Moçambique

São outras as prioridades

25 abril 2008 1:00

Paola Rolleta, correspondente em Maputo

25 abril 2008 1:00

Paola Rolleta, correspondente em Maputo

Moçambique assinou o Acordo Ortográfico de Língua Portuguesa desde 1990, mas não assume nenhuma data para a ratificação do documento.

São outras as prioridades e com tão urgentes e grandes desafios pela frente, como a luta contra a pobreza e contra a SIDA, a Educação para Todos até 2015 e a introdução do ensino bilingue nas zonas rurais à escala nacional, o Acordo pode desviar atenções e recursos humanos e financeiros que nos são preciosos naqueles combates, disse ao EXPRESSO a professora de português Fátima Ribeiro.

Se a nível oficial, o Presidente da República, Armando Emílio Guebuza, disse que "Moçambique está a analisar o acordo ortográfico e irá assiná-lo", a nível oficioso são muitos os problemas levantados, como afirmou ao Expresso, Lourenço do Rosário, reitor da Universidade privada "A Politécnica" e presidente do Fundo Bibliográfico da Língua Portuguesa.

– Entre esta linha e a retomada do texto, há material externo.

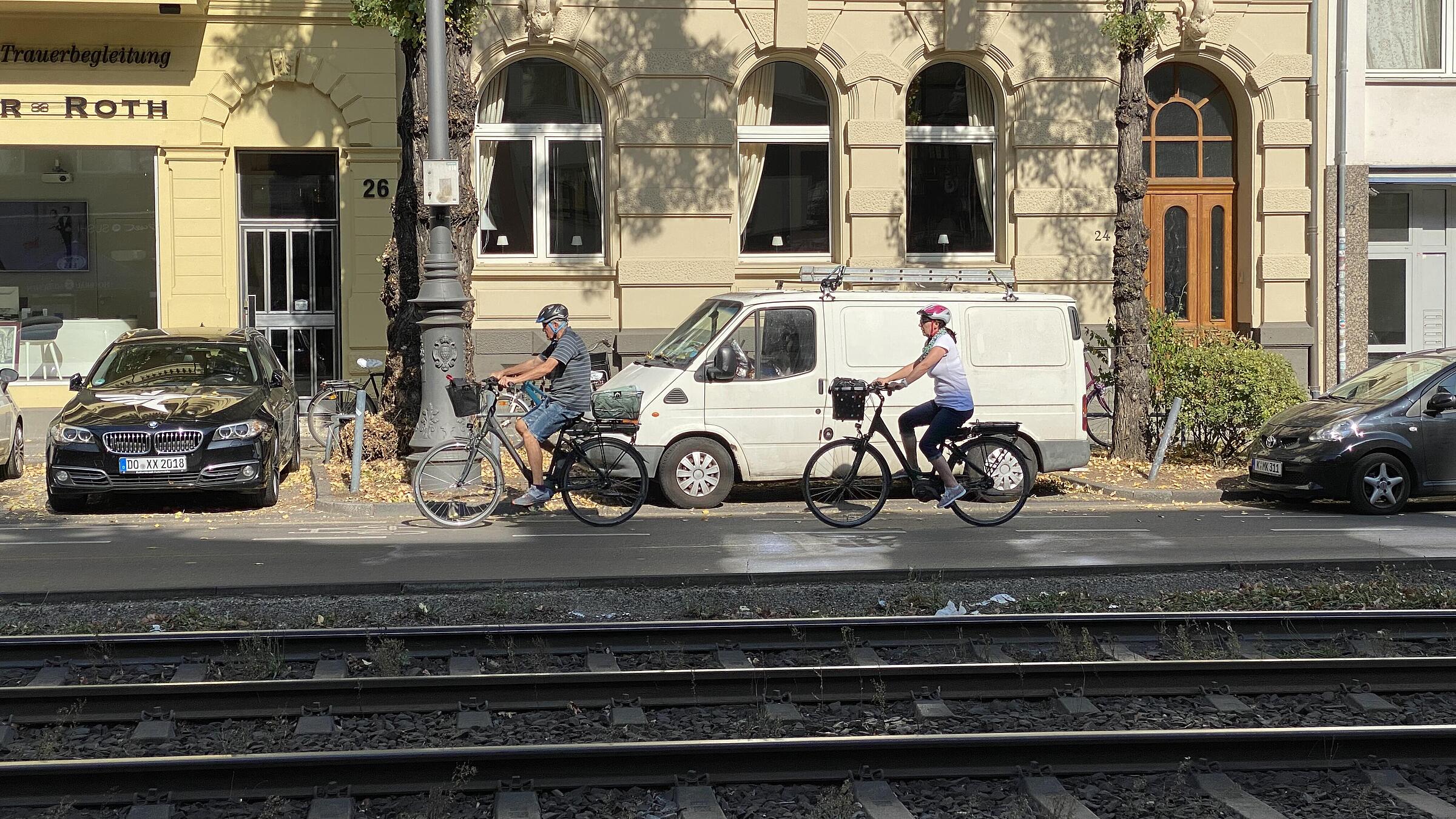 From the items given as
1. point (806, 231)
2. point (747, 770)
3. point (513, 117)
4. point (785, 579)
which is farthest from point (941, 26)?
point (747, 770)

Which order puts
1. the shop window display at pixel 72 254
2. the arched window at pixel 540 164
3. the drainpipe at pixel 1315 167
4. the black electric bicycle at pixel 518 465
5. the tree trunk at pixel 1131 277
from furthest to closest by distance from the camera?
the drainpipe at pixel 1315 167 → the arched window at pixel 540 164 → the shop window display at pixel 72 254 → the tree trunk at pixel 1131 277 → the black electric bicycle at pixel 518 465

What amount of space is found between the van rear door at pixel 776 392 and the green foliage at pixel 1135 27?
5.06 meters

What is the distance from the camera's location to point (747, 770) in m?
5.95

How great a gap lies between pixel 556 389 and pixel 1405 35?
50.6 ft

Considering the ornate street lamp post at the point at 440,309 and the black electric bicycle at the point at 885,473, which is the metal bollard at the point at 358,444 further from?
the black electric bicycle at the point at 885,473

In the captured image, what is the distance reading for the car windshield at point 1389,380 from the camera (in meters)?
14.2

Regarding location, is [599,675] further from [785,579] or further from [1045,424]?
→ [1045,424]

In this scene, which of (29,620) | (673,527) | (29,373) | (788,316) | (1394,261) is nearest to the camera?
(29,620)

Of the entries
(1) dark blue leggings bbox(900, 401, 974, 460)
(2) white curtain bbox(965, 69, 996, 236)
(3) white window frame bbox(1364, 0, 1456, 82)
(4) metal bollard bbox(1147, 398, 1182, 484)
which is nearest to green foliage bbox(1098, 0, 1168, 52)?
(4) metal bollard bbox(1147, 398, 1182, 484)

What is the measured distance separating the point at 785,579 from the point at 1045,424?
5.18m

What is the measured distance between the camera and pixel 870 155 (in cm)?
2062

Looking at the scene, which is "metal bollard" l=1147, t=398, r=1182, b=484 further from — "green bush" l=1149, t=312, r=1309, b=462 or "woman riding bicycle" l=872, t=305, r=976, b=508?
"woman riding bicycle" l=872, t=305, r=976, b=508

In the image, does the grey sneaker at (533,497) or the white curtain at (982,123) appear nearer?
the grey sneaker at (533,497)

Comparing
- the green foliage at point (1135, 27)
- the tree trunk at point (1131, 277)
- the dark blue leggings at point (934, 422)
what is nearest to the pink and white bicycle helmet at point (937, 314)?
the dark blue leggings at point (934, 422) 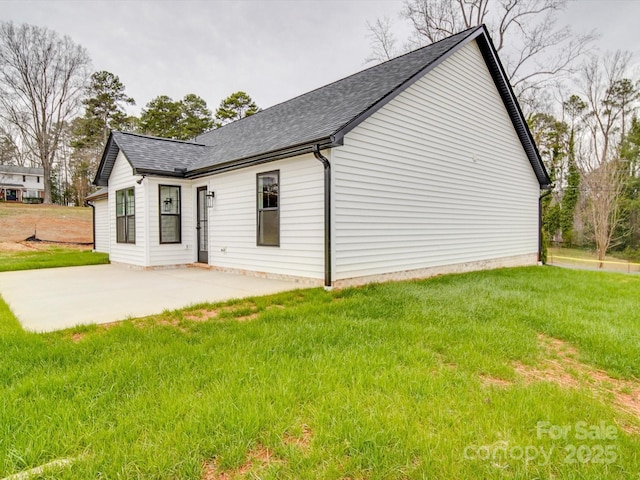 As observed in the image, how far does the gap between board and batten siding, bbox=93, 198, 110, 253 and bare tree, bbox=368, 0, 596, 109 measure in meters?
15.7

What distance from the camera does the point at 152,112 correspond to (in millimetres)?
26016

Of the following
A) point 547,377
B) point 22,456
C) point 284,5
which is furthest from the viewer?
point 284,5

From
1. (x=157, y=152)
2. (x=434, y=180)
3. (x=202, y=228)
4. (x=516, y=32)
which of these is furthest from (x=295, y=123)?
(x=516, y=32)

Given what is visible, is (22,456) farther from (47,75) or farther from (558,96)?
(47,75)

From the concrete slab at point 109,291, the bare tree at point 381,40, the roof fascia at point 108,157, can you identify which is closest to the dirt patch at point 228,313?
the concrete slab at point 109,291

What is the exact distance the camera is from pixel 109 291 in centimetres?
623

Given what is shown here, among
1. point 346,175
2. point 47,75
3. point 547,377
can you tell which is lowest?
point 547,377

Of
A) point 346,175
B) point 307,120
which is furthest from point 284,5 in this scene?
point 346,175

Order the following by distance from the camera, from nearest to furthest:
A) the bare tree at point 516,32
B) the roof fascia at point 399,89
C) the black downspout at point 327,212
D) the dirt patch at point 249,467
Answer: the dirt patch at point 249,467
the roof fascia at point 399,89
the black downspout at point 327,212
the bare tree at point 516,32

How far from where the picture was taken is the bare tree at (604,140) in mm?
20531

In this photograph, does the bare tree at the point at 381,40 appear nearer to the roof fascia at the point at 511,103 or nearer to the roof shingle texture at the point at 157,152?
the roof fascia at the point at 511,103

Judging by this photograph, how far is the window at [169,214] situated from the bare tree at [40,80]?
24.5 m

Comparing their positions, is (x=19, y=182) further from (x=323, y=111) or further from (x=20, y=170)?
(x=323, y=111)

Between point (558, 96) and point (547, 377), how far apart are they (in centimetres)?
2714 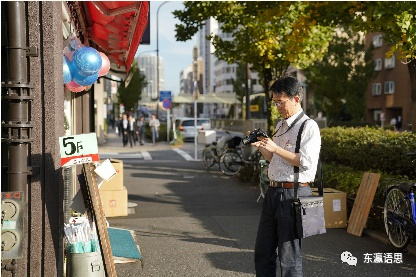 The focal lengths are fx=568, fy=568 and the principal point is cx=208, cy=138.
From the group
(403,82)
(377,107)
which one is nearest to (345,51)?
(403,82)

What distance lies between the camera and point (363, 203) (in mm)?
8250

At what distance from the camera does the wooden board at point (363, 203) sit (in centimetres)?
812

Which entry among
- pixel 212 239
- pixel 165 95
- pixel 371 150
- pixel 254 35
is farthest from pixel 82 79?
pixel 165 95

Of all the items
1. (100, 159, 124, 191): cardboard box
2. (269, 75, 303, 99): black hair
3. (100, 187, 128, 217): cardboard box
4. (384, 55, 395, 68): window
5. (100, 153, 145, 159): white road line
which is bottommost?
(100, 153, 145, 159): white road line

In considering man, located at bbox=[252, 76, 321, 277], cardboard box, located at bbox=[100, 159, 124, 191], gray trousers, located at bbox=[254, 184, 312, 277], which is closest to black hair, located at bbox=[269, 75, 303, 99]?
man, located at bbox=[252, 76, 321, 277]

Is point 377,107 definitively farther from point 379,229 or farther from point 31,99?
point 31,99

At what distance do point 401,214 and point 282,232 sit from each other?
3.02 metres

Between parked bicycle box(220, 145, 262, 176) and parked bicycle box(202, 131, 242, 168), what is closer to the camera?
parked bicycle box(220, 145, 262, 176)

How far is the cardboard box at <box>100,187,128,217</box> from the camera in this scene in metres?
9.84

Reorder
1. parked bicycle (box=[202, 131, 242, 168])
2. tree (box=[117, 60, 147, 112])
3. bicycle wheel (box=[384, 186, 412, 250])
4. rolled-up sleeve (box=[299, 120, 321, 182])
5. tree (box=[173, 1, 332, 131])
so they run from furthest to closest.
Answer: tree (box=[117, 60, 147, 112]), parked bicycle (box=[202, 131, 242, 168]), tree (box=[173, 1, 332, 131]), bicycle wheel (box=[384, 186, 412, 250]), rolled-up sleeve (box=[299, 120, 321, 182])

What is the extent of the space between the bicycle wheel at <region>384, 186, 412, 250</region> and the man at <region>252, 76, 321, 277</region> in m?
2.71

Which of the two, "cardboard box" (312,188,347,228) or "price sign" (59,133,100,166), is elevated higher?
"price sign" (59,133,100,166)

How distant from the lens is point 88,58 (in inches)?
244

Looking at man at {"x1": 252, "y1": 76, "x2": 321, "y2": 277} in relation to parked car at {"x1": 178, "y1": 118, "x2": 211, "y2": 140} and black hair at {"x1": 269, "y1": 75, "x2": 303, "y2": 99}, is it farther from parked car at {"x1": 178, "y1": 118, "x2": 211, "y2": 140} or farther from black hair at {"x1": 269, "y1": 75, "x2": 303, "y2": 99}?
parked car at {"x1": 178, "y1": 118, "x2": 211, "y2": 140} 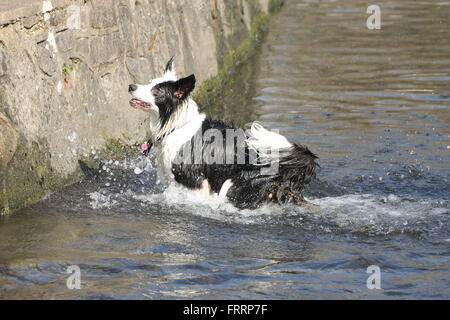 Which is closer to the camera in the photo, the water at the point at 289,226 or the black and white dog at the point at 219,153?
the water at the point at 289,226

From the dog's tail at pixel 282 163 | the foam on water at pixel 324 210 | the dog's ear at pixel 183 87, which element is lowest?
the foam on water at pixel 324 210

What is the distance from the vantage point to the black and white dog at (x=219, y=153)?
23.4 ft

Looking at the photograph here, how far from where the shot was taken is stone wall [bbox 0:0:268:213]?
23.9 feet

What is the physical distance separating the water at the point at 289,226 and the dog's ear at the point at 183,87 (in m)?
0.94

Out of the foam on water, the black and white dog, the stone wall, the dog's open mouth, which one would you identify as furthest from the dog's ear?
the stone wall

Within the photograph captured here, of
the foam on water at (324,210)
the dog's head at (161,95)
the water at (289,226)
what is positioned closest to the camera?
the water at (289,226)

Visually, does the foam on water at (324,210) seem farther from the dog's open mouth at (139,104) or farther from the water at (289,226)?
the dog's open mouth at (139,104)

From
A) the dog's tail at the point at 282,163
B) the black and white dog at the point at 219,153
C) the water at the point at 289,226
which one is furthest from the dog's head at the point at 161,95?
the water at the point at 289,226

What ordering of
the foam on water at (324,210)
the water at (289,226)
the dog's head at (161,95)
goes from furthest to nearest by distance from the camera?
the dog's head at (161,95) → the foam on water at (324,210) → the water at (289,226)

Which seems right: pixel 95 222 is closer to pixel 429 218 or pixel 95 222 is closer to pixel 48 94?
pixel 48 94

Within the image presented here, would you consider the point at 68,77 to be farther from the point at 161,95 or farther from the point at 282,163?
the point at 282,163

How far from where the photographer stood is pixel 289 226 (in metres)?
7.05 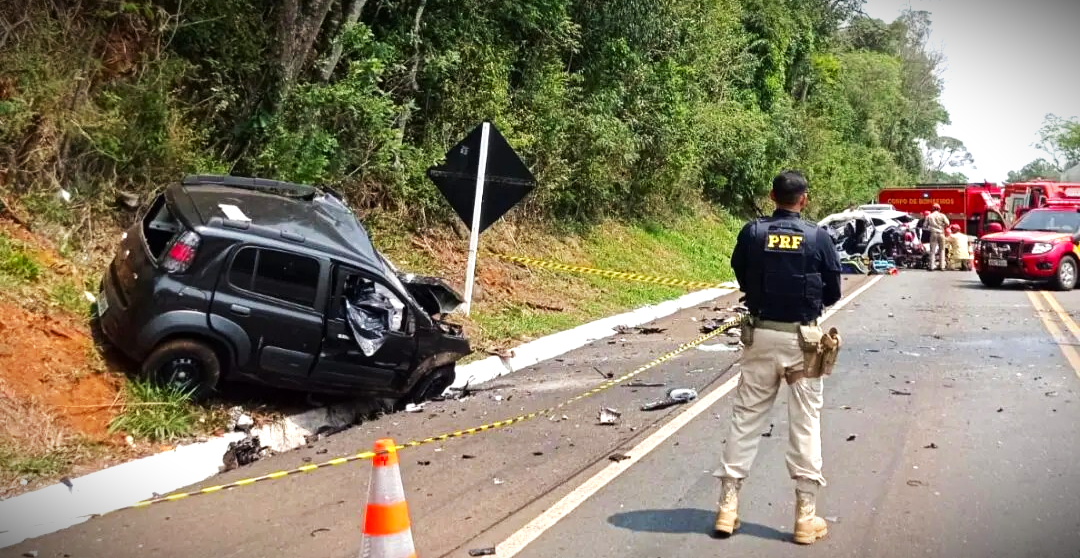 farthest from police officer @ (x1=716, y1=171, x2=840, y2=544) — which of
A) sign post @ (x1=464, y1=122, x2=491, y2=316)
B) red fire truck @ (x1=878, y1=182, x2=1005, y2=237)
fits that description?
red fire truck @ (x1=878, y1=182, x2=1005, y2=237)

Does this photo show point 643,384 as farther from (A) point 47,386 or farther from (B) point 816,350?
(A) point 47,386

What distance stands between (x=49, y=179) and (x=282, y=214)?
9.69 feet

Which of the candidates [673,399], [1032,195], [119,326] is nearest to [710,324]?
[673,399]

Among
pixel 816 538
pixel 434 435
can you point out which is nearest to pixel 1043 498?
pixel 816 538

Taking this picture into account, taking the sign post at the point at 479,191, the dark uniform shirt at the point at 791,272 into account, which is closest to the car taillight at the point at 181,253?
the dark uniform shirt at the point at 791,272

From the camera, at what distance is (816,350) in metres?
5.69

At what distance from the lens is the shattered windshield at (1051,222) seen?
75.7 ft

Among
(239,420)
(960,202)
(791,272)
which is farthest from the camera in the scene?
(960,202)

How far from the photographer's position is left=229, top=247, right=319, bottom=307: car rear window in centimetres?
824

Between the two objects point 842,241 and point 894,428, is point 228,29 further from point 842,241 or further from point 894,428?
point 842,241

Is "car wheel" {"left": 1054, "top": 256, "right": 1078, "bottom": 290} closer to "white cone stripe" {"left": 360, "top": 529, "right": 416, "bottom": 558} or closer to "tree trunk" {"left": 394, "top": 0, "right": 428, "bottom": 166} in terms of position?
"tree trunk" {"left": 394, "top": 0, "right": 428, "bottom": 166}

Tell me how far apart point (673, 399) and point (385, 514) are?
18.3ft

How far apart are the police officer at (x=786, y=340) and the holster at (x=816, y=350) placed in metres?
0.04

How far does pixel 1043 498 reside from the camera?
668 cm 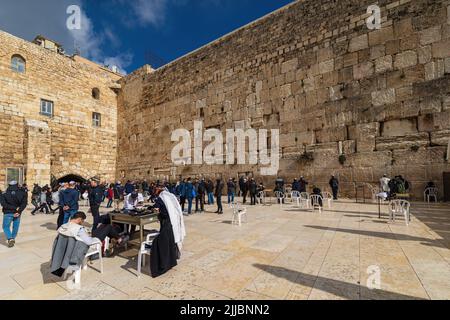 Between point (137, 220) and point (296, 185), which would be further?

"O Governo moçambicano está a seguir um caminho de prudência, porque até agora ninguém enfrentou o Acordo do ponto de vista da planificação. Não faz sentido pôr pressão sem se discutir o impacto financeiro e económico que o Acordo acarreta. É imperioso saber quem é que vai pagar factura disso. Não faz sentido essa pressão toda sobre nós, sem sabermos antes quem vai pagar, estando nós em evidente desigualdade de circunstâncias", declarou.

O reitor afirmou ainda que "não há uma posição oficial por parte do Governo e não se pode pretender uma tomada de decisão só por pressão exterior. Antes, é preciso que as autoridades de educação locais e os meios académicos moçambicanos tomem posição e produzam a documentação a levar à Assembleia da República. Até agora isso não foi feito. É preciso analisar o impacto que o Acordo vai ter para Moçambique a nível de toda a problemática da educação."

Fátima Ribeiro considera o Acordo Ortográfico, nas actuais circunstâncias de Moçambique, extremamente problemático. "Sendo tão débil a formação da esmagadora maioria dos professores e outros profissionais, e não tendo nós grandes possibilidades de alterar a situação nos próximos anos, o Acordo poderá tornar-se uma agravante na qualidade do português escrito".

Moçambique quer mais tempo, como deixa a entender também o professor de Sociologia da Educação e Educação Comparada, Mouzinho Mário: "presumo que os 'estrategas' do Acordo Ortográfico tenham pensado exclusivamente nas vantagens competitivas que os dois países mais industrializados (Portugal e Brasil) deste grupo poderão usufruir em termos de produção e distribuição de livros, materiais impressos e informáticos. Mas não se terão preocupado com a problemática da educação e da formação da identidade politica e cultural dos restantes povos que, por razões históricas, estão 'condenados' a partilhar a mesma língua".

E, já agora, conclui Fátima Ribeiro, que fazer, por exemplo, em palavras como Ribáuè, Marínguè, Chókwè e outros topónimos do género, assim escritas há décadas, desafiando as regras de acentuação do português? Este aspecto, entre outros que nos são específicos, não está contemplado no Acordo.